*Activity*
Output exactly the lines of the listing below that run from the line with "A festive outdoor" through the line with "Boundless Voyage Outdoor". No pictures.

*Extracted data*
-.-.-
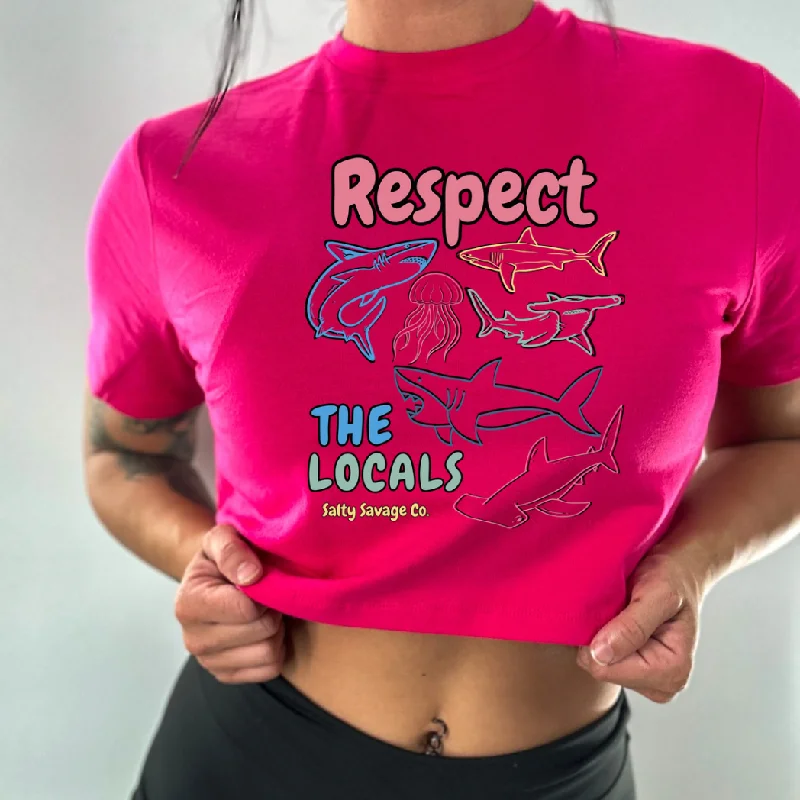 Salty Savage Ladies "Respect The Locals Shark" Performance Crop Tee Rayon Fabric Velvet Fabric Corduroy Fabric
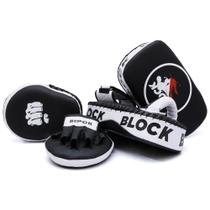 Kit Aparador De Chute Manopla De Foco Treino Muay Thai Boxe - Block Fitness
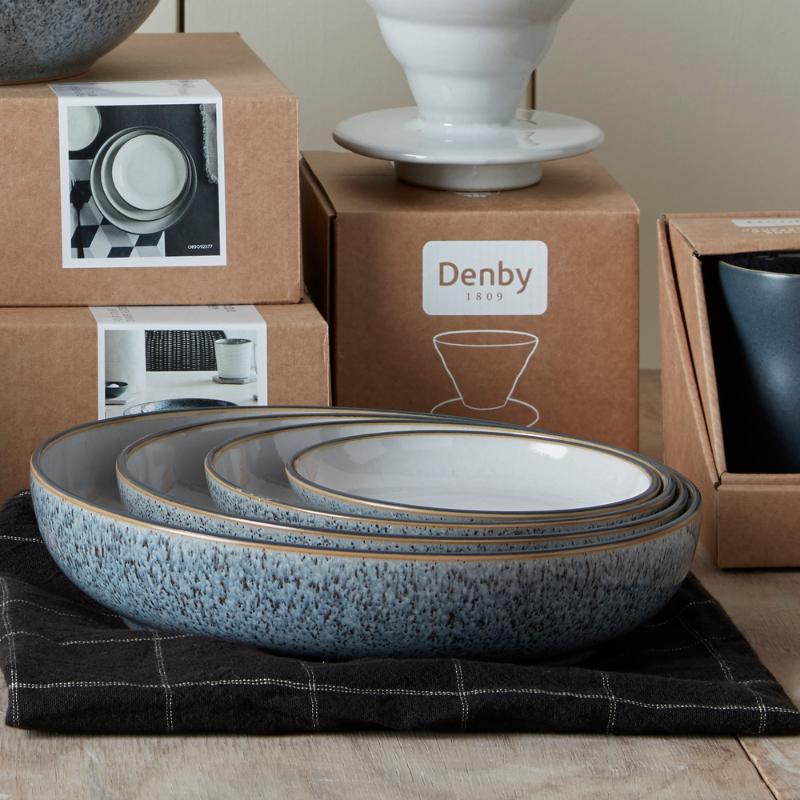 Denby Studio Serveringsskål 4 stk grå/hvit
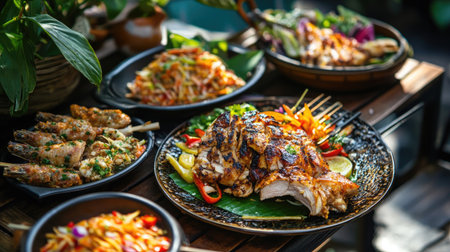 A festive outdoor dining setup with plates of som tam and grilled chicken, accompanied by traditional Thai side dishes, showcasing a lively and colorful meal.の素材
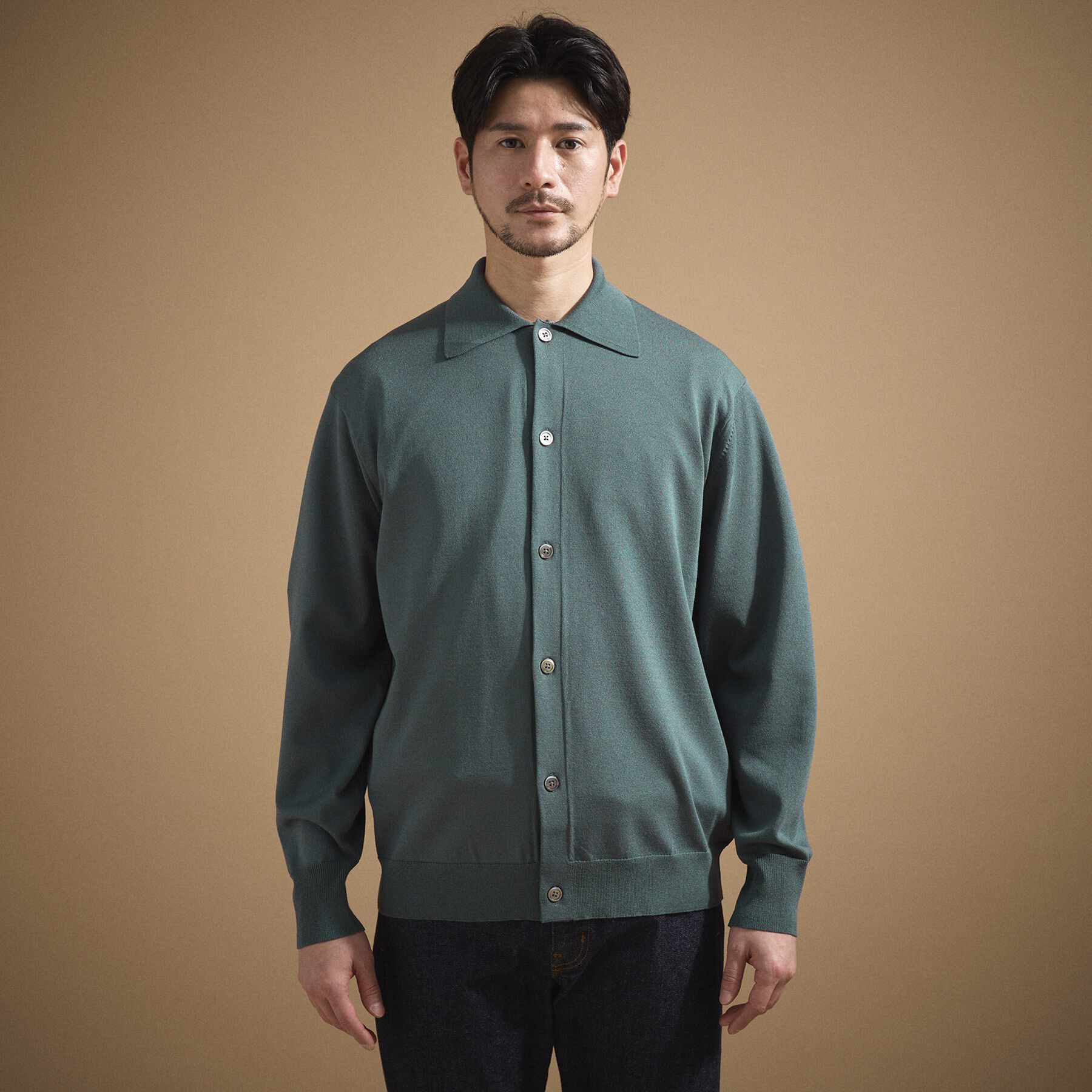 TAKEO KIKUCHI「ポロ ニットシャツ カーディガン」|カーディガン|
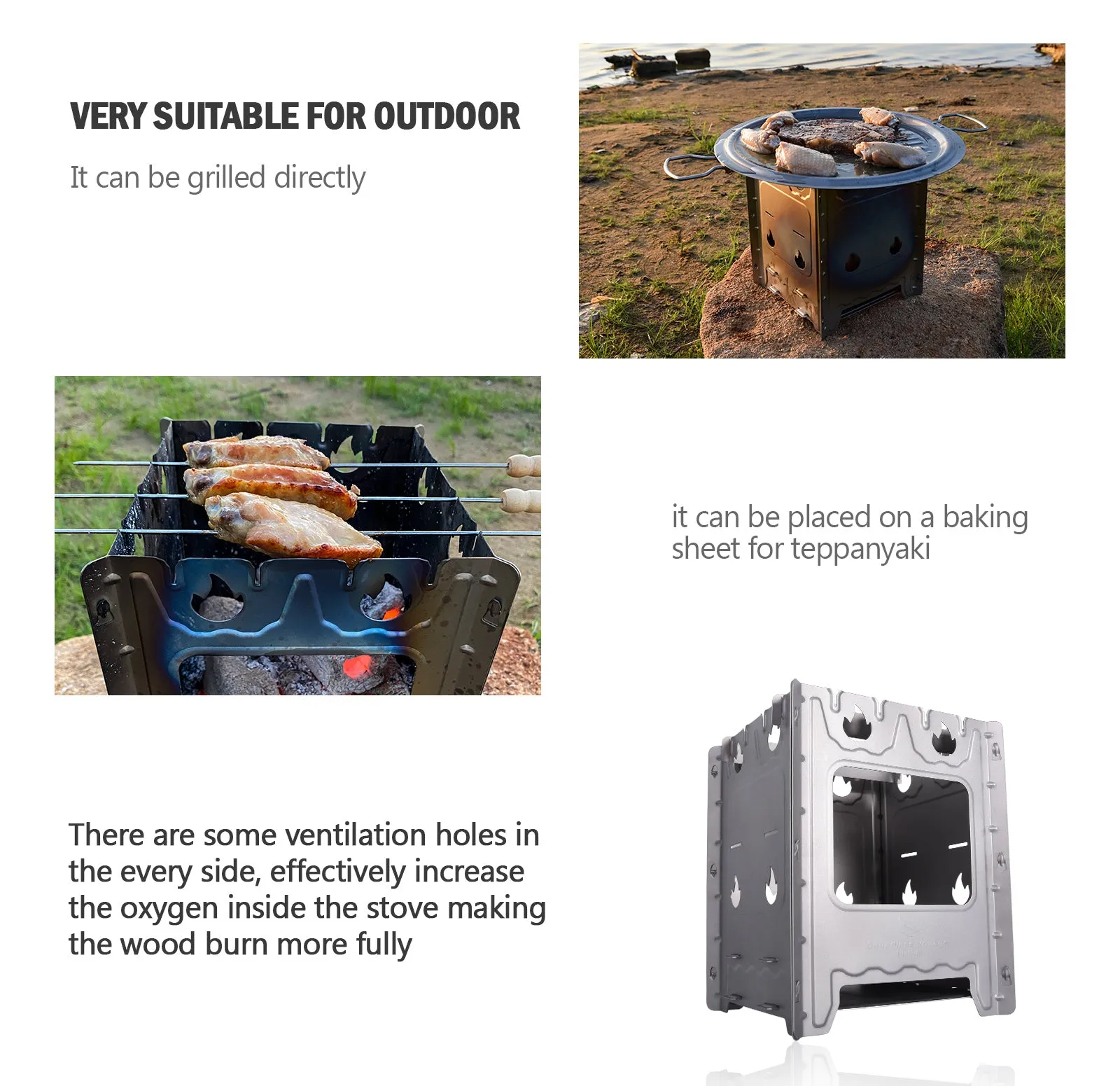 Boundless Voyage Outdoor Camping Titanium Removable Wood Stove With Pot Holder Portable Ultralight Thickened Charcoal Burner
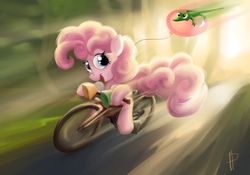 Size: 1200x840 | Tagged: safe, artist:rom-art, gummy, pinkie pie, g4, balloon, bicycle, cute, fast, fun, looking at you, smiling, summer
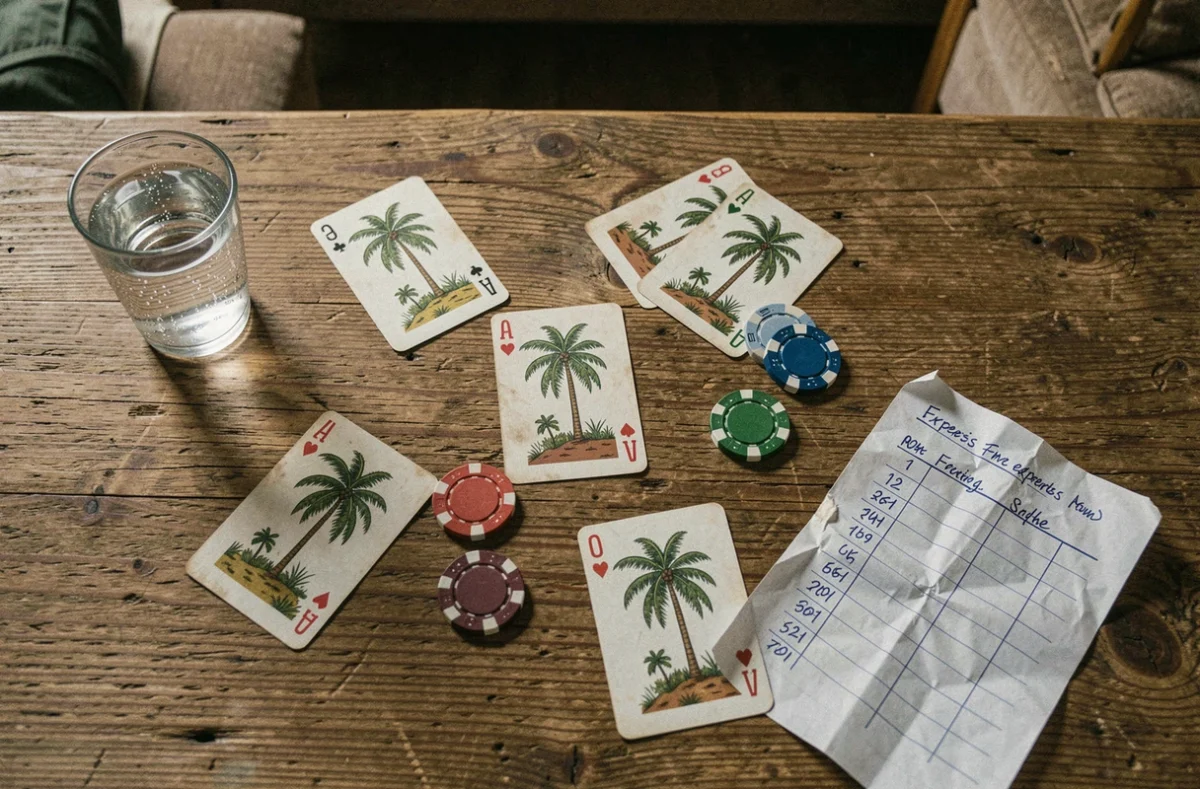 Vue aérienne d'une table avec cartes palmiers et fiche de score pour une partie rapide en fin de soirée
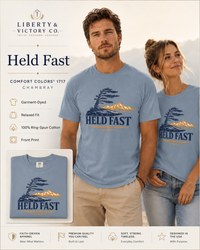 Christian T-Shirt | Held Fast Through Every Season | Psalm 112:7 | High Altitude Veteran-Owned | Liberty & Victory Co.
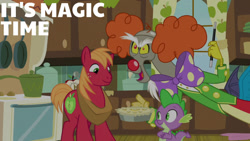 Size: 1280x720 | Tagged: safe, edit, edited screencap, editor:quoterific, imported from derpibooru, screencap, big macintosh, discord, spike, draconequus, dragon, earth pony, pony, season 8, the break up breakdown, spoiler:s08, clown nose, clown wig, food, male, open mouth, pie, red nose, smiling, stallion, trio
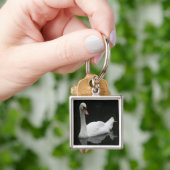 Mooie White Swan Sleutelhanger (Hand)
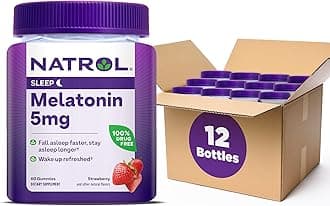 Natrol 5mg Melatonin Gummies, Sleep Support for Adults, Melatonin Supplements for Sleeping, 60 Strawberry-Flavored Gummies, 30 Day Supply (Pack of 12)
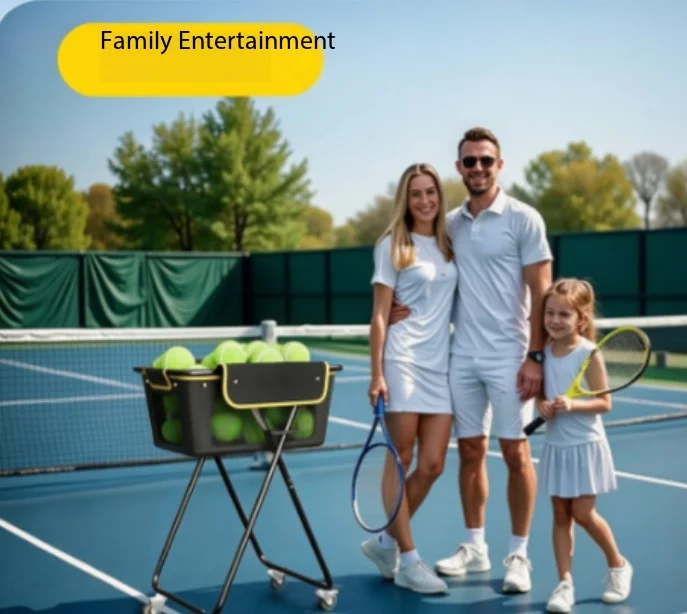 Foldable Wheeled Ball Storage Cart, Portable Rolling Tennis Pickleball Ball Basket with Movable Wheels, Ball Collector Trolley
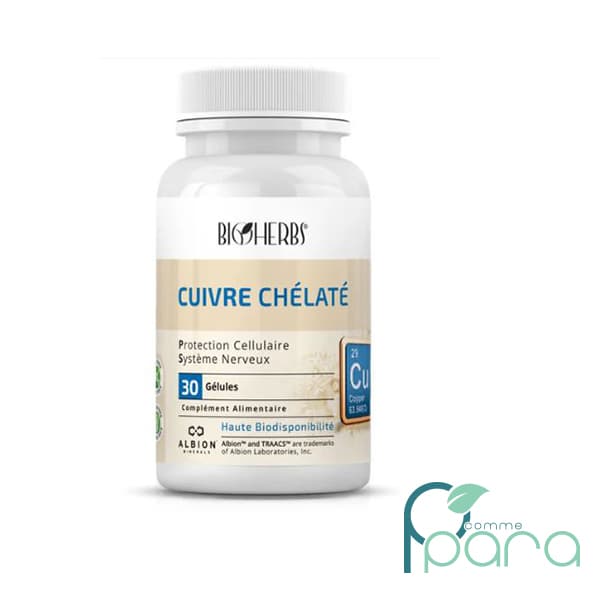 BIOHERBS Cuivre Chélaté,30 Gélules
-.-.-
*Response area*
 A festive outdoor dining setup with plates of som tam and grilled chicken, accompanied by traditional Thai side dishes, showcasing a lively and colorful meal.の素材
 TAKEO KIKUCHI「ポロ ニットシャツ カーディガン」|カーディガン|
 Boundless Voyage Outdoor Camping Titanium Removable Wood Stove With Pot Holder Portable Ultralight Thickened Charcoal Burner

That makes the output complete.